The Andy Warhol Museum has built a mobile application that lets anyone create a Pop masterpiece—and gain a deeper understanding about how Warhol approached his art.
The Warhol: DIY Pop app guides people through the process the artist undertook to create silk-screen prints of icons like Marilyn Monroe, Elizabeth Taylor, and Elvis Presley. They can crop, expose, and paint the images to create their own digital silkscreens and then share the results through e-mail, Twitter, or Facebook.
Educators and curators explain each step of silk-screening, says Joshua Jeffery, manager of digital engagement at the Pittsburgh museum: “We explain what that process is and how Andy would do it.”
Not Easy for Everyone
Response to the application—which is available for iPhone and iPad and has been downloaded more than 100,000 times—has been mixed.
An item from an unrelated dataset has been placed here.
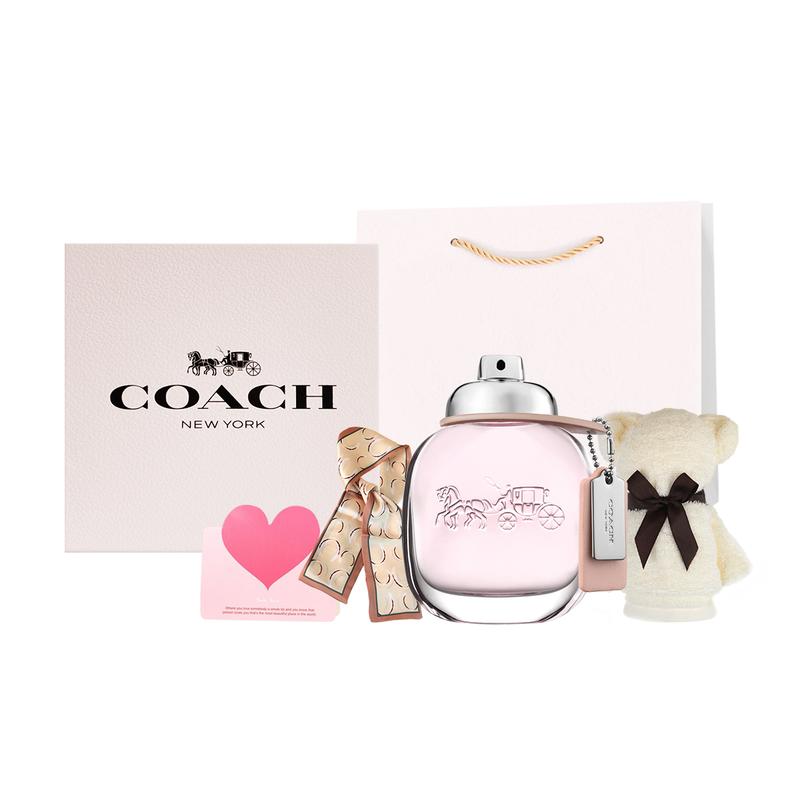 COACH New York Women s Eau de Toilette/Misty Rose/Classic Eau de Toilette with the same name EDP Eau de Toilette EDT Floral // ift 50ml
The museum’s research found that the app gets rave reviews from museumgoers, art lovers, and educators. But people who were expecting a simple photo-editing tool are often disappointed, saying things like “I don’t know how to make it look cool.”
But sometimes even the frustrations that critics voice suggest the app is doing its job: teaching the public about the hard work that went into Mr. Warhol’s silkscreens.
“Some folks have actually come back and said, 'You know, it took me a couple of times, and I finally got something I really like,’” says Mr. Jeffery. “It allows them to say, 'Oh, you know that Marilyn Monroe silk-screen print that’s on the wall? A lot of thought went into that.’”
Putting the Collection Online
With the high cost of developing apps and the significant percentage that are abandoned soon after being downloaded, nonprofit technology experts debate when it makes sense for charities to build applications and when a mobile-friendly Web site is more appropriate.
While the museum plans to continue creating apps, it is increasingly using responsive Web design to build exhibition Web sites that automatically adapt to the device a visitor is using. Mr. Jeffery says the use of responsive design will change the way the museum determines when an app is the way to go.
This spring, for example, the museum will use responsive design for a new section of its Web site that will provide information about all of the artworks in its collection, which rules out the need to build a collections app.
“Putting the collection online in the way that we’re going to do it will allow us to kill two birds with one stone,” Mr. Jeffery says. “We can have it on the Web for a desktop audience, but we’re also making it more accessible on mobile devices.”